Part 1 was a single center, lead-in, open-label study involving 12 patients treated with motixafortide plus filgrastim designed to ascertain the dose. Part 2 involved 122 patients who were randomized 2:1 in a double-blind, placebo-controlled, multicenter study. The primary objective of the study was to evaluate if one dose of motixafortide plus filgrastim is superior to placebo plus filgrastim in the ability to mobilize ≥ 6 million CD34+ cells in up to two apheresis sessions.

第一部分是一项单中心，引入，开放标签的研究，涉及12名接受莫替卡福肽加非格司亭治疗的患者，旨在确定剂量。第二部分涉及122名患者，他们在一项双盲，安慰剂对照，多中心研究中以2:1的比例随机分组。这项研究的主要目的是评估一剂莫替卡福肽加非格司亭是否优于安慰剂加非格司亭，在多达两次单采过程中动员≥600万个CD34+细胞的能力。

A key secondary objective of the study was to evaluate if one dose of motixafortide plus filgrastim is superior to placebo plus filgrastim in the ability to mobilize ≥ 6 million CD34+ cells in one apheresis session. The study showed that APHEXDA combined with filgrastim (G-CSF) significantly enhanced the rate of mobilizing ≥6 × 106 CD34+ cells/kg in up to 2 apheresis days compared to placebo + filgrastim.

该研究的一个关键次要目标是评估一剂莫替卡福肽加非格司亭在一次单采过程中动员≥600万个CD34+细胞的能力是否优于安慰剂加非格司亭。该研究表明，与安慰剂+非格司亭相比，APHEXDA联合非格司亭（G-CSF）在长达2天的单采血液中显着提高了动员≥6×106个CD34+细胞/kg的速率。

Central laboratory assessments were used for the efficacy results. Local laboratory results were used for clinical treatment decisions.  .

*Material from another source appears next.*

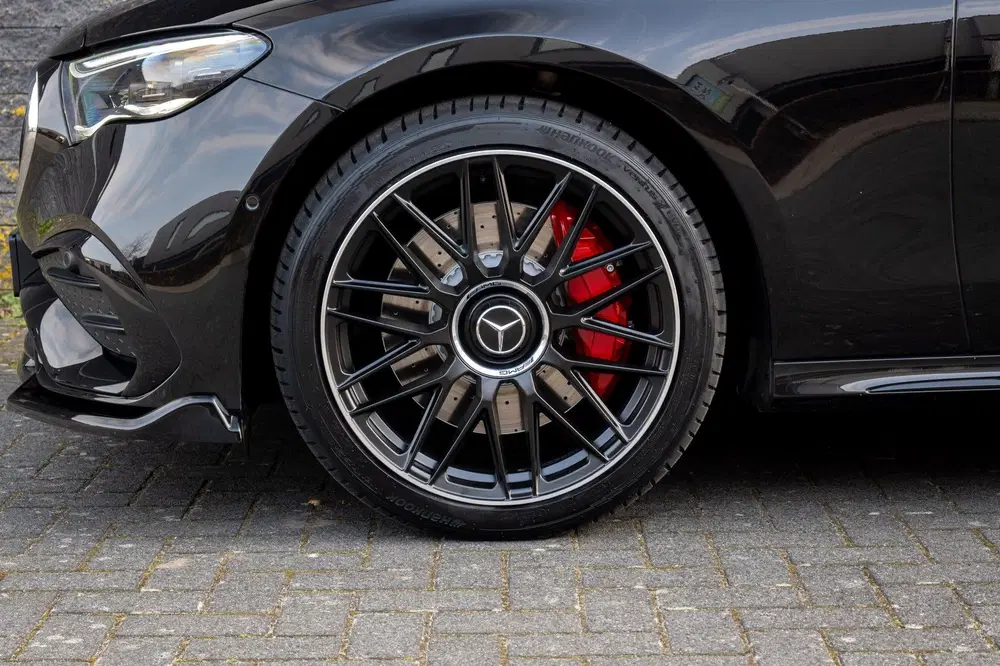 Mercedes-Benz E-Klasse 300 e AMG Line Panoramadak Black & Bl uit 2025, foto 14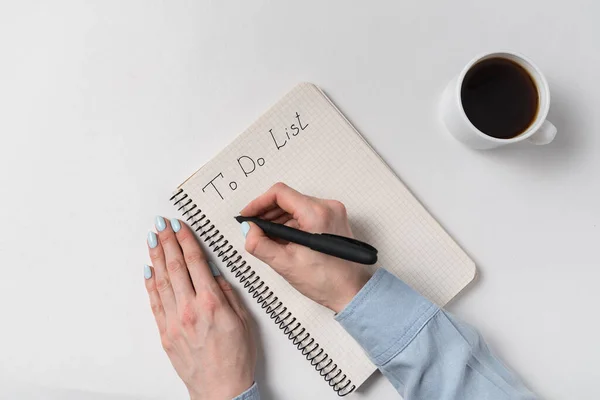 Tekst Het Kopieerboek Doen Vrouwelijke Handen Schrijven Notitieboekje Kladblok Kopje — Stockfoto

中央实验室评估用于疗效结果。当地实验室结果用于临床治疗决策。。

About APHEXDA® APHEXDA (motixafortide) is a CXCR4 antagonist with long receptor occupancy (greater than 72 hours) that, in combination with filgrastim (G-CSF), enables mobilization of hematopoietic stem cells to the peripheral blood for collection and subsequent autologous stem cell transplantation in patients with multiple myeloma.6.

关于APHEXDA®APHEXDA（motixafortide）是一种CXCR4拮抗剂，具有较长的受体占有率（大于72小时），与非格司亭（G-CSF）联合使用，可以将造血干细胞动员到外周血中进行采集和随后的自体干细胞移植。多发性骨髓瘤患者。

INDICATION AND IMPORTANT SAFETY INFORMATION

指示和重要安全信息

INDICATIONAPHEXDA is indicated in combination with filgrastim (G-CSF) to mobilize hematopoietic stem cells to the peripheral blood for collection and subsequent autologous transplantation in patients with multiple myeloma.

适应症PEXDA与非格司亭（G-CSF）联合使用，将造血干细胞动员到外周血中，用于多发性骨髓瘤患者的采集和随后的自体移植。

IMPORTANT SAFETY INFORMATION

重要安全信息

CONTRAINDICATIONSAPHEXDA is contraindicated in patients with a history of serious hypersensitivity reactions to motixafortide.

禁忌症saphexda禁用于对莫西沙星有严重超敏反应史的患者。

WARNINGS AND PRECAUTIONS

警告和注意事项

Anaphylactic Shock and Hypersensitivity Reactions: Anaphylactic shock and hypersensitivity reactions have occurred. Premedicate all patients with a triple drug premedication regimen that includes an H1-antihistamine, an H2 blocker, and a leukotriene inhibitor approximately 30-60 minutes prior to each dose of APHEXDA.

过敏性休克和超敏反应：发生过敏性休克和超敏反应。在每次服用APHEXDA前约30-60分钟，对所有患者进行三药预用药方案，包括H1抗组胺药，H2阻滞剂和白三烯抑制剂。

Administer APHEXDA in a setting where personnel and therapies are immediately available for treatment of anaphylaxis and other systemic reactions. Monitor patients for 1 hour following APHEXDA administration and manage reactions promptly. Patients receiving negative chronotropic drugs (e.g., beta-blockers) may be more at risk for hypotension in the event of a hypersensitivity reaction and these drugs, when appropriate, should be replaced with non-chronotropic drugs..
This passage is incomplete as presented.